Forgive my over-simplification of the history of gold-mining in California, but I just wanted to give a brief introduction before delving into the really cool stuff!  The old mining towns!!  A superb example of a gold mining boomtown is Bodie, located southeast of Bridgeport, CA.  Bodie is a registered National Historic Landmark as well as a State Historic Landmark.


Bodie 31 Bodie Town signWe are just an hour south of the Bodie State Historic Park, and since I had been recommending this place as a *must see* to our camping guests I figured I should get there myself and check it out!  The town of Bodie was established more than 10 years after the initial gold rush started in California.  This is partly due to the fact that the initial discoveries of gold were on the western side of the Sierras.   When gold discoveries and mining started to decline in production in the western Sierras, people moved on over to the eastern side of the Sierras to try their luck.

In 1859, W.S. Bodey from Poughkeepsie, NY discovered gold in the hills surrounding what was to become the mining boomtown named after him.  He died in a blizzard near the site of the future town before he was able to see the gold industry here come to fruition, but his discovery started the influx of miners to the area.   At the height of the boom in Bodie between 1877-1881, there was estimated to be somewhere between 7,000 – 8,000 residents in the town.  Thirty mines operated in the countryside and 9 different stamp mills processed and extracted the gold from the rock hauled out of the nearby mines.

Bodie had a fairly civilized town population with merchants and miners, a school and several churches – including a Methodist Church still standing and a Catholic Church.

Bodie 28 Methodist Church
Methodist Church

It has been recorded through census reports that Bodie was an extremely diverse community comprised of many ethnic groups and nationalities.  Bodie even had its own Chinatown district where businesses such as general stores, laundries, saloons and boarding houses flourished.



Of course, as with many of these remote mining towns, in its early days, Bodie attracted a rougher element and gained a reputation for being a *wild* place.  It is reported in the history of the town that at one time there were more than 60 saloons and a *red light* district on Bonanza Street – often referred to as Virgin Alley and Maiden Lane!

During its heyday, there were several notable personalities who resided in Bodie.  Theodore Hoover, brother of President Herbert Hoover, was superintendent of the Standard mines for a period of about three years from 1903-1906.  He lived in one of the larger houses next to the Stamp Mill and eventually became head of the Mining and Metallurgy department at Stanford University.

hoover house
Hoover House near Stamp Mill

store front signThe Boone Store and Warehouse was owned and operated by Harvey Boone, a cousin of the legendary Daniel Boone.

Another well-known resident was Patrick Reddy, an aggressive Irish born attorney who represented the labor class.  He eventually became a California State Senator.

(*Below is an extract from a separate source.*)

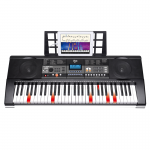 V-TONE VK 500-61L klaviatūras taustiņi, ērģeļu spēles taustiņi, LED klaviatūra ar fona apgaismojumu V-TONE VK 500-61L klaviatūras taustiņi, ērģeļu spēles taustiņi, LED klaviatūra ar fona apgaismojumu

Mining continued in Bodie until 1942.  Over the years, gold production dropped and mines closed resulting in a dwindling population.  The onset of World War II also forced the shutdown of all non-essential gold mines due to the War Production Board order L-208.  Mining never resumed and the town was abandoned.

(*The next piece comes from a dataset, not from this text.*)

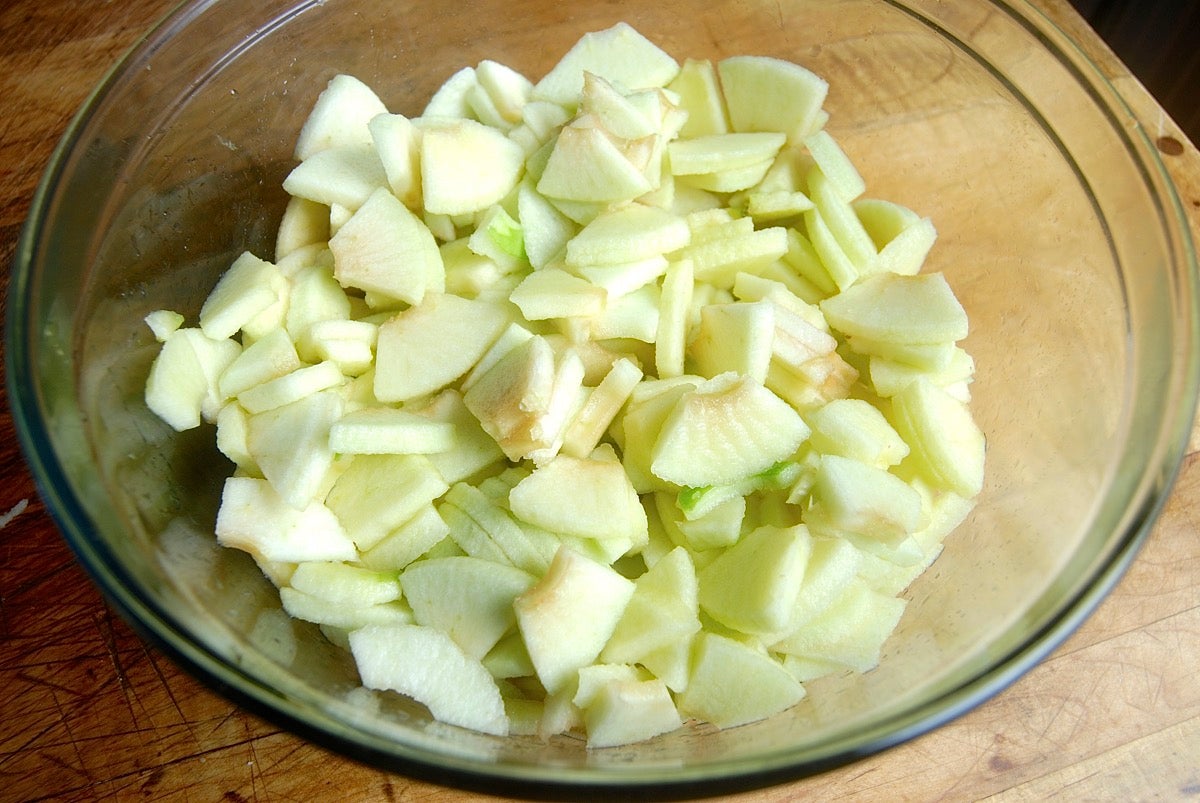 Apple Pie Bakealong via @kingarthurflour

The family of the last and largest landowner in Bodie, James Cain, were concerned about looting and vandalism once the town was deserted.  They hired a caretaker to oversee the town until a better solution was forthcoming. James Stewart Cain

In 1962, the town was purchased by the California State Parks so that the historic buildings and artifacts could be preserved and shared with all.  The town is now maintained in a state of *arrested decay*.   Buildings are repaired to maintain the integrity of the roofs, windows and foundations but are not restored.   The buildings have been left as they were when abandoned.  As a result, you can peer into the windows of the buildings and see furniture, wallpaper, and various artifacts of daily living still present as they were left.  It truly is an eerie experience.

Only about 5 percent of the original buildings still remain.  The missing buildings fell victim to the elements over time, including at least two serious fires that partially destroyed the town.  Legend has it that one of the more serious fires in 1932 was caused by a two-year-old boy who was playing with matches.

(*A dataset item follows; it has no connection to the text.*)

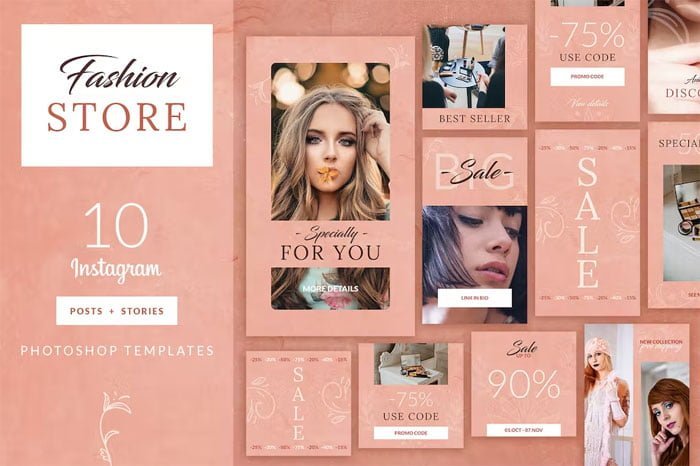 Fashion Store Instagram Template Fashion Store Instagram Template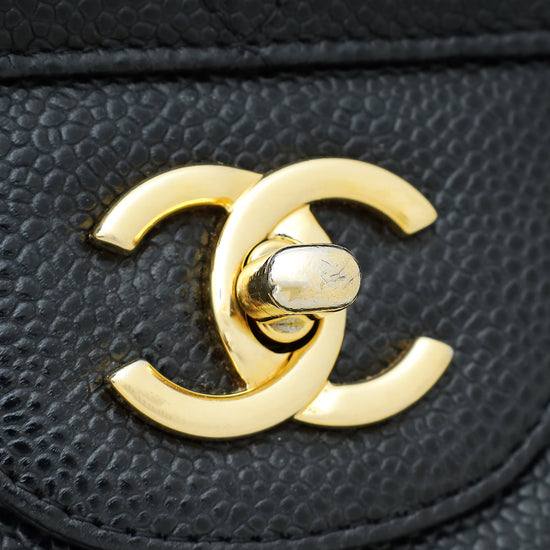 Chanel Black Classic Double Jumbo Flap Bag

We paid the extra money to have a guided tour of the Stamp Mill, which I highly recommend.  Our tour guide was a young man from Gardnerville who had been working for the park giving interpretive tours for just a few months.

Bodie 14 Stamp Mill
Stamp Mill

He did an excellent job of explaining the process used to extract gold from mined quartz and convert it into bullion bars.   He expertly guided us systematically from room to room in order to communicate a clear picture of the step by step process.  It was rather disturbing to hear about the chemical processes later developed to aid in the extraction of the gold.  No OSHA in those days!  Miners were routinely exposed to dangerous chemicals that significantly impacted their lifespan.  Oddly enough as I write this, it is Labor Rights Week 2016!

The stamp mill was originally powered by wood which was an enormous undertaking given the fact that this is the high desert and the town sits above the tree line.   Enormous amounts of wood had to be hauled into Bodie via wagon to fuel the machinery in the mills that produced the gold.

View from Stamp Mill towards town
View towards town from Stamp Mill

In an effort to become more efficient, one superintendent of the mines, Thomas Leggett decided to bring electricity to the mill.  The year was 1893.  The nearest hydroelectric plant was 13 miles away and he is credited with developing one of the first long distance transmission lines of alternating current in the country.  Reportedly, Tesla and General Electric served as consultants for the project.  I was particularly impressed with this historical anecdote.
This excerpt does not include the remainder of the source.